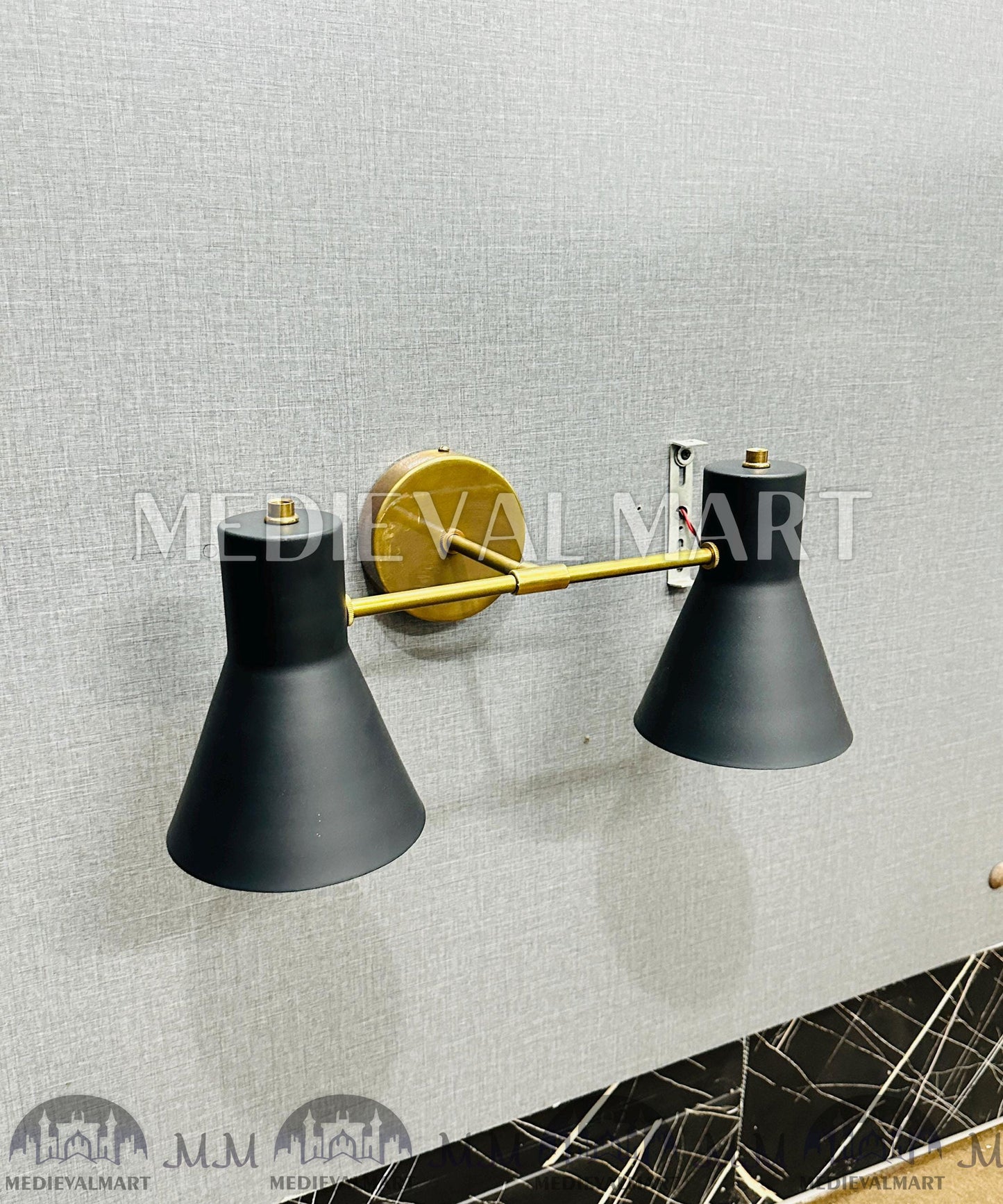 MEDIEVALMART FR Applique Murale À Double Cône En Laiton Marron, Lampe De Coiffeuse Fabriquée À La Main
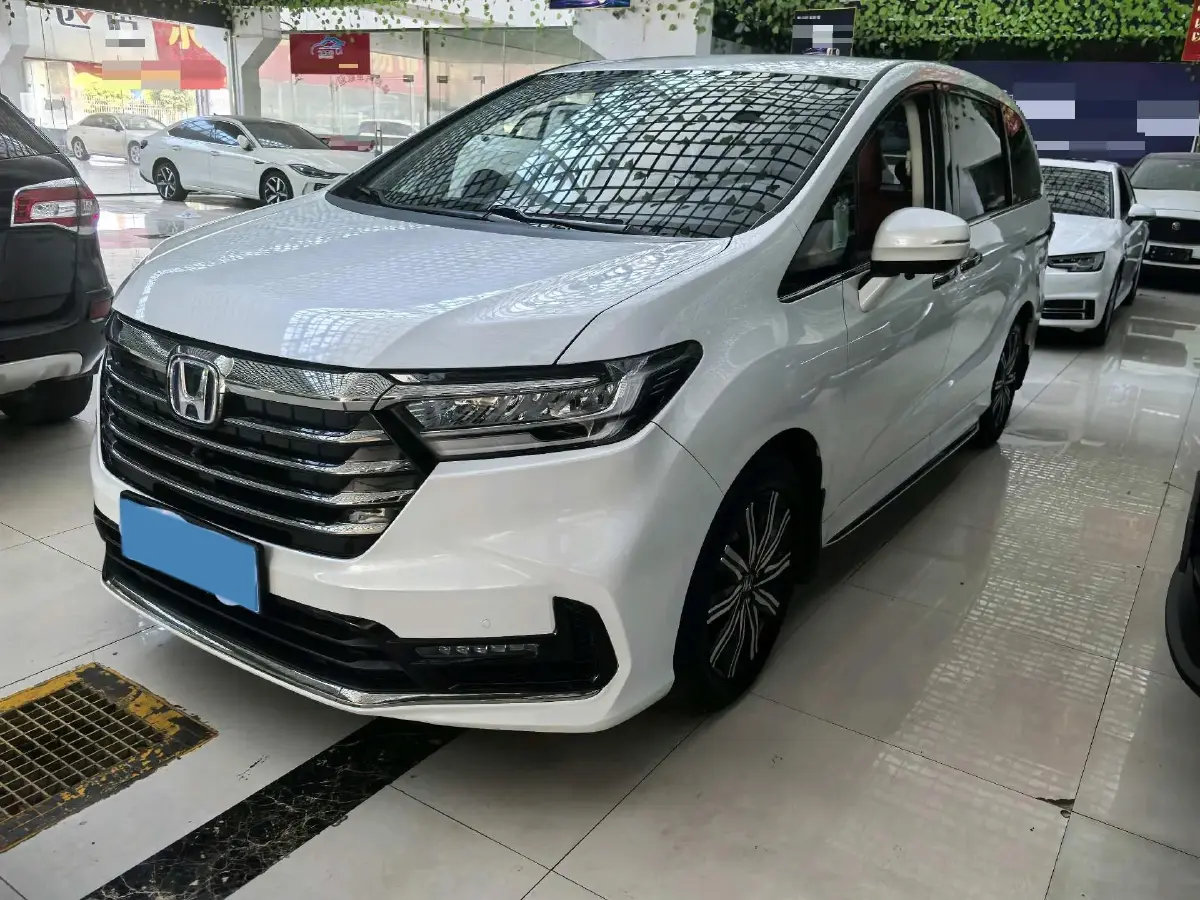2022 Honda Odyssey 2.0L 146HP L4 E-CVT Hybrid
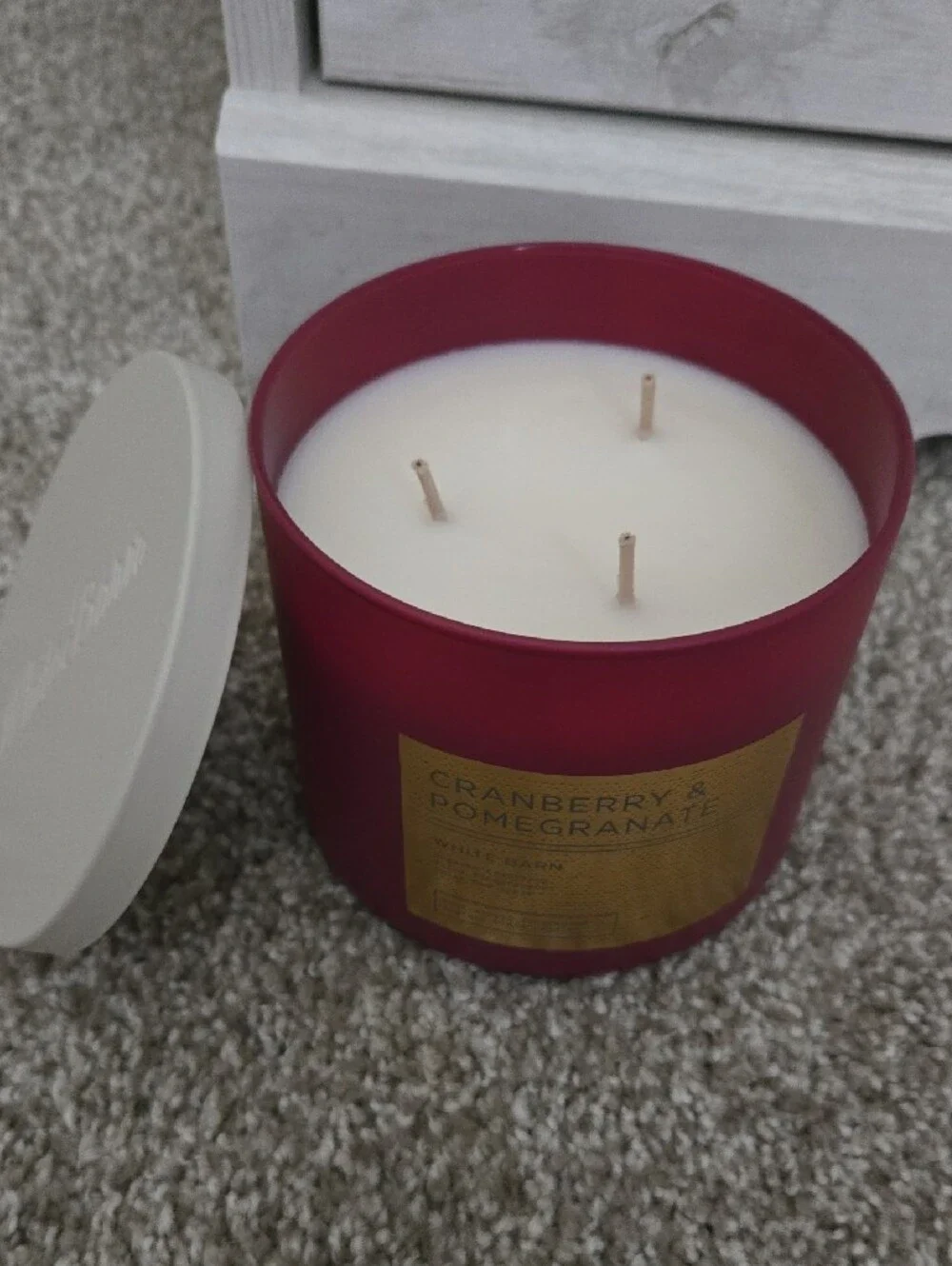 White Barn Cranberry & Pomegranate Jar Candle - Berry Red with Cream Lid - Picture 2 of 3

**PROBLEM**
What is needed is the listing above, repeated verbatim, without its images.

**REPLY**
 MEDIEVALMART FR Applique Murale À Double Cône En Laiton Marron, Lampe De Coiffeuse Fabriquée À La Main
2022 Honda Odyssey 2.0L 146HP L4 E-CVT Hybrid
 White Barn Cranberry & Pomegranate Jar Candle - Berry Red with Cream Lid - Picture 2 of 3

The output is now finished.